Prove that $\Bbb{E}(|X-Y|) \le \Bbb{E}(|X+Y|)$ for i.i.d $X$ and $Y$

Let $X$ and $Y$ be two independent identically distributed random variables with finite expectation $\Bbb{E}(X) = \Bbb{E}(Y) < \infty$. Prove that

$$\Bbb{E}(|X-Y|) \le \Bbb{E}(|X+Y|)$$

I think that this inequality may follow somehow from Jensen's inequality, but I failed to use it here. Or maybe it is worth considering an expression $|x+y|-|x-y|$ and making use of some of its properties?

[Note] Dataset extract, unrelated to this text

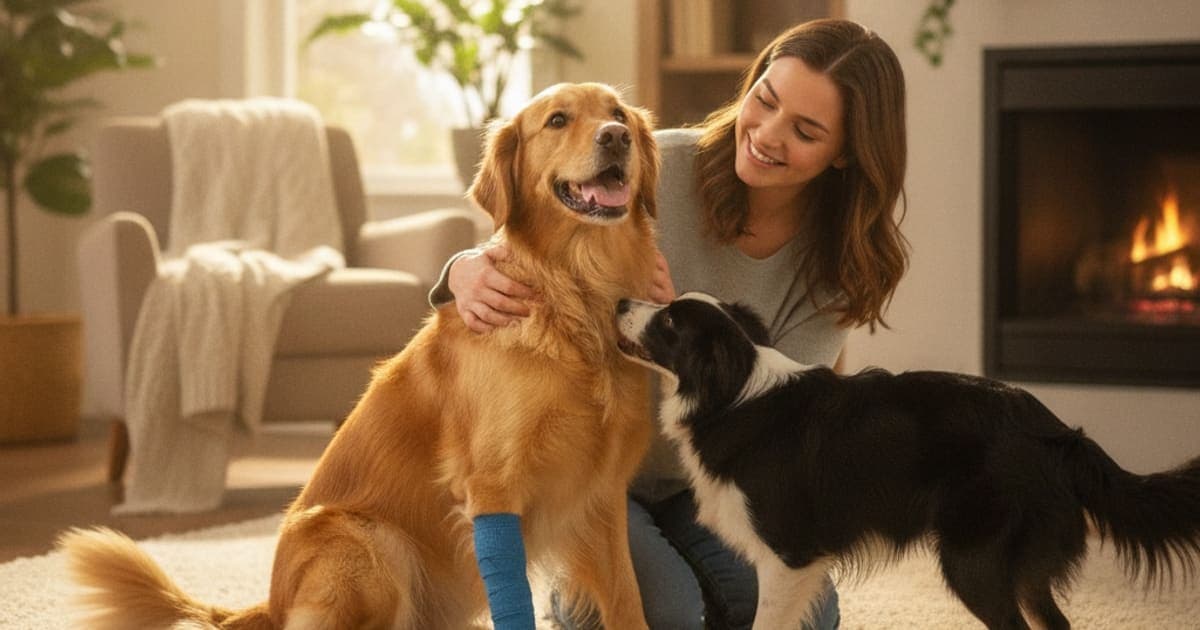 A dog being cared for at home, illustrating how much does a sprained leg in dogs cost? (vet bills)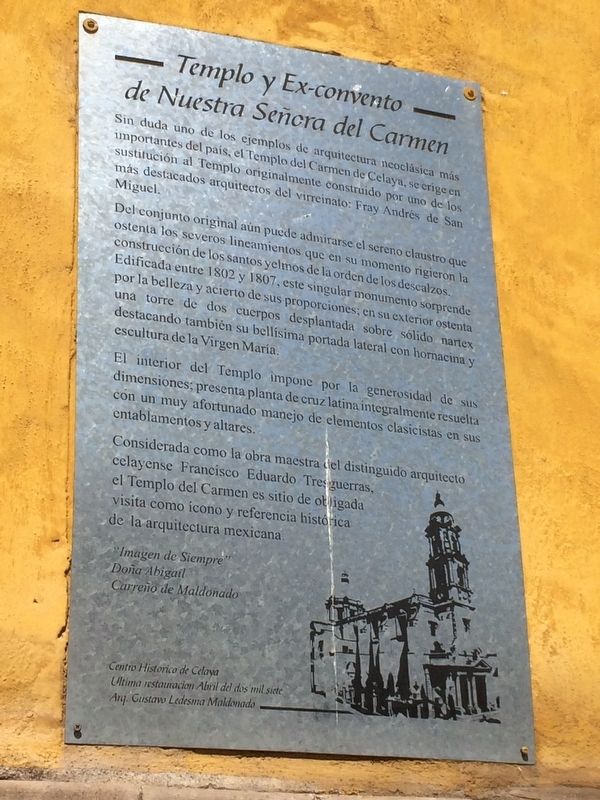 The Temple and Ex-convent of Our Lady of Carmen Marker image. Click for full size.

I am interested to see a proof of this fact or some favorable ideas that may help here. Any suggestions would be greatly appreciated.


Solution 1:

Taking integration by parts to the Dirichlet integral, it is easy to check that

$$ \int_{-\infty}^{\infty} \frac{1-\cos(at)}{t^2} \, dt = \pi|a|. \tag{1}$$

Taking advantage of the fact that the integrand of $\text{(1)}$ is non-negative, by the Tonelli's theorem, for any real-valued random variable $Z$ we have

$$ \pi \Bbb{E}[|Z|] = \Bbb{E}\left[ \int_{-\infty}^{\infty} \frac{1-\cos(Zt)}{t^2} \, dt \right] = \int_{-\infty}^{\infty} \frac{1-\Bbb{E}[\cos(Zt)]}{t^2} \, dt. $$

Therefore

\begin{align*} \pi \Bbb{E}[|X+Y| - |X-Y|] &= \int_{-\infty}^{\infty} \frac{\Bbb{E}[\cos((X-Y)t)-\cos((X+Y)t)]}{t^2} \, dt \\ &= \int_{-\infty}^{\infty} \frac{\Bbb{E}[2\sin(Xt)\sin(Yt)]}{t^2} \, dt \\ &= \int_{-\infty}^{\infty} \frac{2\Bbb{E}[\sin(Xt)]^2}{t^2} \, dt \\ &\geq 0. \end{align*}

Moreover, notice that the equality holds if and only if $\Bbb{E}[\sin(Xt)] = 0$ for all $t$. This means that the c.f. $\varphi_X(t) = \Bbb{E}[e^{itX}]$ is real-valued, which is equivalent to the symmetry condition: $X \stackrel{d}{=} -X$.

Solution 2:

Here's another argument. It doesn't seem to generalize to $p$ norms, but perhaps it is instructive anyway.

For independent variables $X,Y$ with finite expectation we can write

\begin{align*} \mathbb E|X-Y| &=\int_{-\infty}^\infty \mathbb P[X\leq t< Y]+\mathbb P[Y\leq t<X] dt\\ &=\int_{-\infty}^\infty F_X(t)(1-F_Y(t))+F_Y(t)(1-F_X(t)) dt\tag{1} \end{align*}

where $F_Z$ denotes the cumulative distribution function $F_Z(t)=\mathbb P[Z\leq t]$ of a random variable $Z.$

In the case at hand, $X$ and $Y$ are i.i.d., so $F_{-Y}(t)=1-F_X(-t).$ Using $-Y$ instead of $Y$ in (1) gives

$$\mathbb E|X+Y|=\int_{-\infty}^\infty F_X(t)F_X(-t)+(1-F_X(-t))(1-F_X(t)) dt\tag{2}$$

We can get a comparable integrand for $\mathbb E|X-Y|$ by substituting $t$ for $-t$ in the final term in (1), and using $F_Y=F_X$: $$ \mathbb E|X-Y|=\int_{-\infty}^\infty F_X(t)(1-F_X(t))+F_X(-t)(1-F_X(-t)) dt\tag{3} $$

Writing $a=F_X(t)$ and $b=F_X(-t),$ clearly $((1-a)-b)((1-b)-a)=(1-a-b)^2\geq 0,$ so $a(1-a)+b(1-b)\leq ab+(1-a)(1-b).$ Integrating over $t$ and applying (3) and (2) gives $\mathbb E|X-Y|\leq \mathbb E|X+Y|.$ The equality case is when $F_X(-t)+F_X(t)=1$ a.e., which is when $X$ is symmetric about zero.